Opinion
Civil No. 04-3788 (RBK).
June 6, 2006
OPINION
This matter comes before the Court on motion by Respondent United States of America ("Respondent") to dismiss the petition of Dagoberto Bolanos Cervantes ("Petitioner") for post conviction relief under 28 U.S.C. § 2255. For the reasons set forth below, Respondent's motion will be granted.
I. Background
On January 10, 2003, Petitioner pled guilty before the Honorable Stephen M. Orlofsky to conspiracy to distribute and possess with intent to distribute more than five kilograms of cocaine, contrary to 21 U.S.C. §§ 841(a)(1) and 841(b)(1)(A), in violation of 21 U.S.C. § 846. Stipulation 10 of Schedule A to Petitioner's signed plea agreement includes a waiver of appeal or collateral attack, providing that:
Cervantes knows that he has, and voluntarily waives, the right to file any appeal, any collateral attack, or any other writ or motion after sentencing, including but not limited to an appeal under 18 U.S.C. § 3742 or a motion under 28 U.S.C. § 2255, which challenges the sentencing court's determination or imposition of the offense level, if the total offense level determined by the court is equal to or less than 31. The United States will not file any appeal, motion, or writ that challenges the sentencing court's determination or imposition of the offense level, if the total offense level determined by the court is equal to or greater than 29. The provisions of this paragraph are binding on the parties even if the Court employs a Guidelines analysis different from that stipulated to herein.
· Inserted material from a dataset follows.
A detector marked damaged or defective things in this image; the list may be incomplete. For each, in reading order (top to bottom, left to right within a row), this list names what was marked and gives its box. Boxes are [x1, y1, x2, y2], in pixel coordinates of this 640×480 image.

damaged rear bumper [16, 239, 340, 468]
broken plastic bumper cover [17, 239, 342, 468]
Furthermore, if the sentencing court accepts a stipulation, both parties waive the right to file an appeal, collateral attack, writ, or motion claiming that the sentencing court erred in doing so. To the extent that any appeal, collateral attack, writ, or motion is barred by this paragraph, the parties agree that it should be dismissed.
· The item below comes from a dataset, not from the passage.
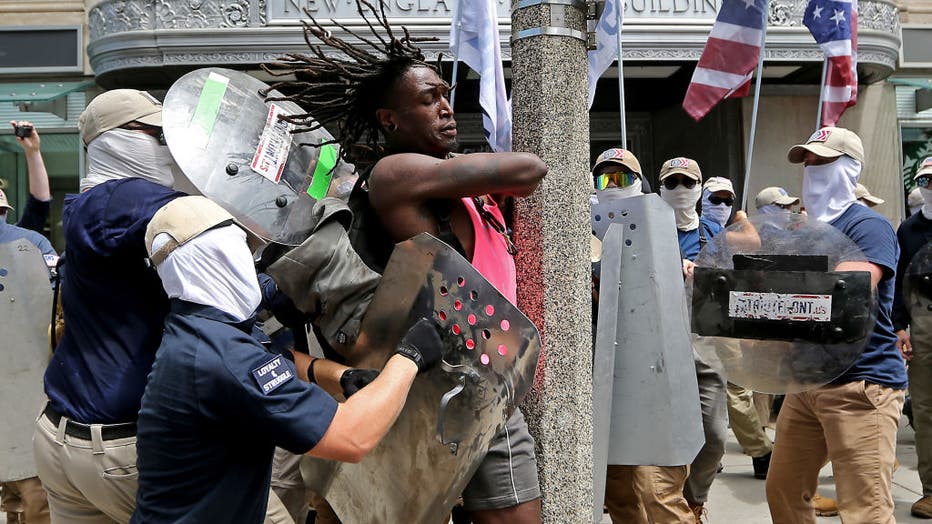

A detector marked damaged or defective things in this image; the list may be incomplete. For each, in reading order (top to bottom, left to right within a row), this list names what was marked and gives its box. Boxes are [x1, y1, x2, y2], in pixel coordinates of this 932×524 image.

rusty metal shield [162, 67, 354, 246]
rusty metal shield [0, 239, 52, 482]
rusty metal shield [302, 233, 544, 524]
(Stip., Resp. Mot. Ex. 2. at 7.)
The waiver of appeal and collateral attack was addressed again during Petitioner's plea colloquy with Judge Orlofsky:
THE COURT: Do you understand, Mr. Cervantes, that stipulation ten provides that you are voluntarily waiving your right to file any appeal, any collateral attack or any other writ or motion after sentencing in this case, including, but not limited to an appeal under Title 18 United States Code Section 3742 or a motion under 28 U.S.C. Section 2255 which challenges this Court's determination or imposition of the offense level, if the total offense level determined by this court is equal to or less than 31? Do you understand that?
THE DEFENDANT: Yes.
THE COURT: That means that if I find that the total offense level in this case is 31 or less, you cannot take an appeal, you cannot file what's called a 2255 motion or any other writ or motion that you can think of, do you understand that?
THE DEFENDANT: Yes.
(Tr. Jan. 10, 2003, Resp. Mot. Ex. 4. at 10-11.)
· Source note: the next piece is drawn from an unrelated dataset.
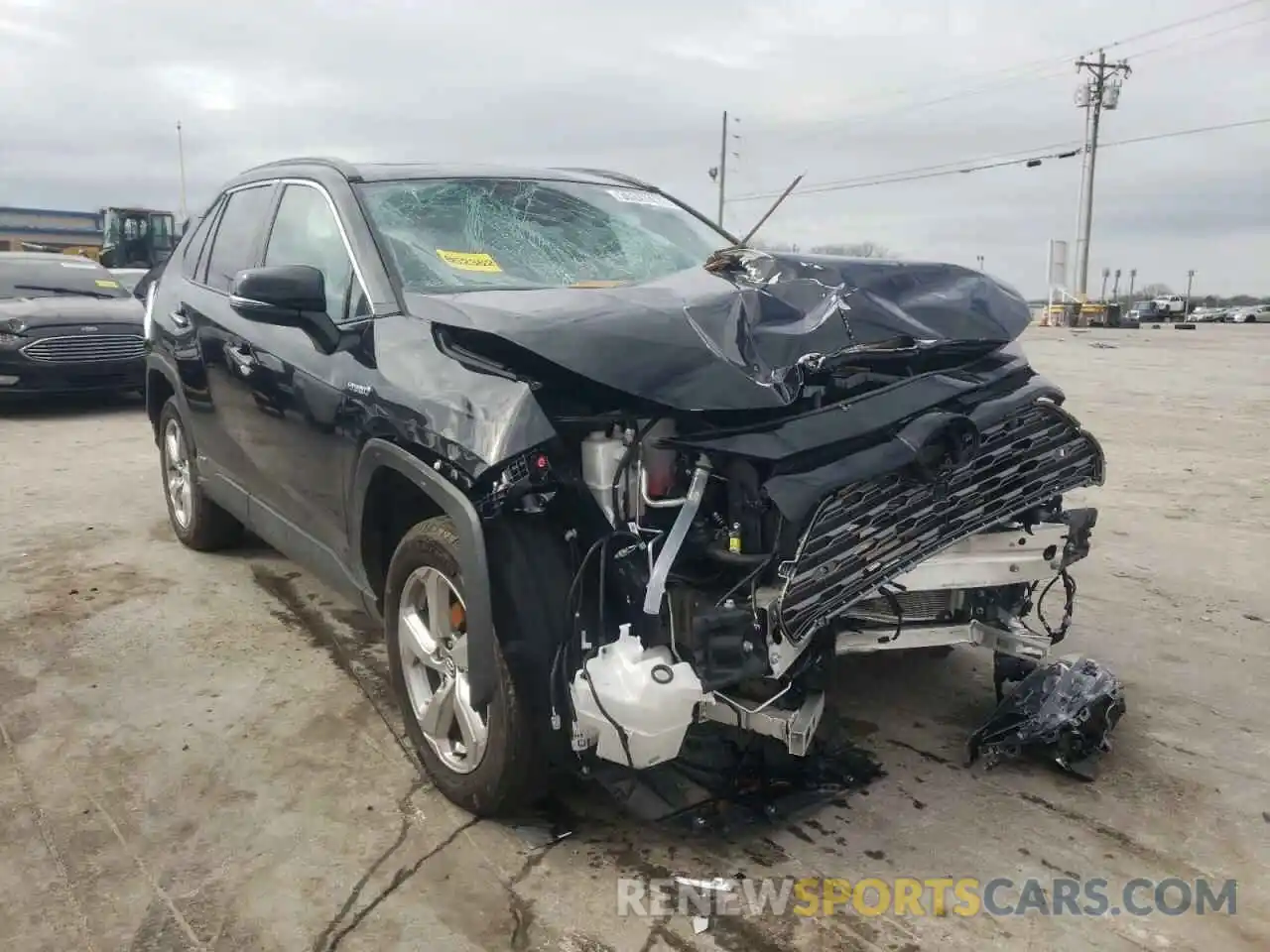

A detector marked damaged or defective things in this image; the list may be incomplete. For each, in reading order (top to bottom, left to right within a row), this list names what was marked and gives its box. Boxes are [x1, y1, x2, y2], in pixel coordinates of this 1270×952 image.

shattered windshield [0, 256, 130, 298]
shattered windshield [361, 177, 730, 292]
crushed hood [415, 247, 1032, 411]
On August 8, 2003, Petitioner came before this Court for sentencing. The Court determined that petitioner's total offense level was 25 and sentenced Petitioner to a 120 month term of imprisonment, the statutory mandatory minimum. Petitioner did not appeal his conviction or sentence to the United States Court of Appeals for the Third Circuit.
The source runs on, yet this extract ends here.